■ Your instructions
Go over the entries and report the lines where the word "Black" occurs.

■ Task material
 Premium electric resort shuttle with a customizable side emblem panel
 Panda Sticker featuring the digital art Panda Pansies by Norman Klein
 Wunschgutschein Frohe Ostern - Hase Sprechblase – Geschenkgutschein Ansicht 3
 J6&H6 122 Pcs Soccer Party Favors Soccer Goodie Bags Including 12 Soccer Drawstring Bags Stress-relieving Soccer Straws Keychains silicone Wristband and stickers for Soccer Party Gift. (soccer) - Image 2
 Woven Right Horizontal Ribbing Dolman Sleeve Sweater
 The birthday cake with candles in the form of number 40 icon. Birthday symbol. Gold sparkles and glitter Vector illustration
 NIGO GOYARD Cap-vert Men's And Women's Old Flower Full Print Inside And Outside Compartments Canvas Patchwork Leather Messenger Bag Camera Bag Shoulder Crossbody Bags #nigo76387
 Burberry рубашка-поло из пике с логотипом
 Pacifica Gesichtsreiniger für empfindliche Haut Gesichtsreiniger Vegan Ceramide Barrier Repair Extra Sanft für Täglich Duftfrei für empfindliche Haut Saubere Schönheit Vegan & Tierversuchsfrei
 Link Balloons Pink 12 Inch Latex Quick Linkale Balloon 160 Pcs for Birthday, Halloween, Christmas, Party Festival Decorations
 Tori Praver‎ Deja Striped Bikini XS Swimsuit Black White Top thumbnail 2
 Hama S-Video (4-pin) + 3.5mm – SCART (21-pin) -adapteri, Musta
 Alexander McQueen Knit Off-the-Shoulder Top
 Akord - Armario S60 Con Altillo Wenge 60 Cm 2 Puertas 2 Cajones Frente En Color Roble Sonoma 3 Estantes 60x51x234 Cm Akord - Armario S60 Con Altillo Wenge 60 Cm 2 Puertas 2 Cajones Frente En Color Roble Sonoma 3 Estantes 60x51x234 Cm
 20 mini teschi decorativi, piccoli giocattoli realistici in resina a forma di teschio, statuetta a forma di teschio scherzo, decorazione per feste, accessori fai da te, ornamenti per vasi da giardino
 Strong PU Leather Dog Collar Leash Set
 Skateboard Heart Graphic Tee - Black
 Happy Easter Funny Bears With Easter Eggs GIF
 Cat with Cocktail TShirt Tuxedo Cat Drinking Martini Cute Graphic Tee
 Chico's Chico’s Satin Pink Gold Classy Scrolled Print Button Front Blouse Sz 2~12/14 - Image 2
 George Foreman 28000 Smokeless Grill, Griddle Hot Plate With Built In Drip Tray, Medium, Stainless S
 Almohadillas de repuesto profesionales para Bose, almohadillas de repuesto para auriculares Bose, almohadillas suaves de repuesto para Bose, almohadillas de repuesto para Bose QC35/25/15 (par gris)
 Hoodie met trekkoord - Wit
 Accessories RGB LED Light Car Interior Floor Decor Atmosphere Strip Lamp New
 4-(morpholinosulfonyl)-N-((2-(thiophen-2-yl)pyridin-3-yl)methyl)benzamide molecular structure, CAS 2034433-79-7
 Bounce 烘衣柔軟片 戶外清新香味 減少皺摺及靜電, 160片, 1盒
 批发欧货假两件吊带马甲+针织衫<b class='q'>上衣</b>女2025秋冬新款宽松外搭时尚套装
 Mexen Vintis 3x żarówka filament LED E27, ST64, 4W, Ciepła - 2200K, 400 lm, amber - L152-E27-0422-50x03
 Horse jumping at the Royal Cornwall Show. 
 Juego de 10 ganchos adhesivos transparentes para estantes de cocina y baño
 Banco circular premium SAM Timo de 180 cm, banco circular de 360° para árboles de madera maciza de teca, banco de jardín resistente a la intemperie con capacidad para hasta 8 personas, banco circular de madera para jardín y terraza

■ Response for this exercise
 Tori Praver‎ Deja Striped Bikini XS Swimsuit Black White Top thumbnail 2
 Skateboard Heart Graphic Tee - Black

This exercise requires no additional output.